DATA UNDER STUDY ▸
# # # # #

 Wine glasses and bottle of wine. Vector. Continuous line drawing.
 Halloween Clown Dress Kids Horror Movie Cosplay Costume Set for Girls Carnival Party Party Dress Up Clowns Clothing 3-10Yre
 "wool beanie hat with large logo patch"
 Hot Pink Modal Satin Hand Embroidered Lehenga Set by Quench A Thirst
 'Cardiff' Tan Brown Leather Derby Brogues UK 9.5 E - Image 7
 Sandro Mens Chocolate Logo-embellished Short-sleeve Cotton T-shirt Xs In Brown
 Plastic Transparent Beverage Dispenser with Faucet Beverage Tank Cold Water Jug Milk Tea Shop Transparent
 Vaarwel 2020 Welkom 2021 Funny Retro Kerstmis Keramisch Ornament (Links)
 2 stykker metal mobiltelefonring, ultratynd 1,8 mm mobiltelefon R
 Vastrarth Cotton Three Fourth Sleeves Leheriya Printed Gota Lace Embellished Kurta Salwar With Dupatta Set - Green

# # # # #

TASK STATEMENT ▸ I need every line from the material that contains the word "Cotton".

TASK SOLUTION ▸
 Sandro Mens Chocolate Logo-embellished Short-sleeve Cotton T-shirt Xs In Brown
 Vastrarth Cotton Three Fourth Sleeves Leheriya Printed Gota Lace Embellished Kurta Salwar With Dupatta Set - Green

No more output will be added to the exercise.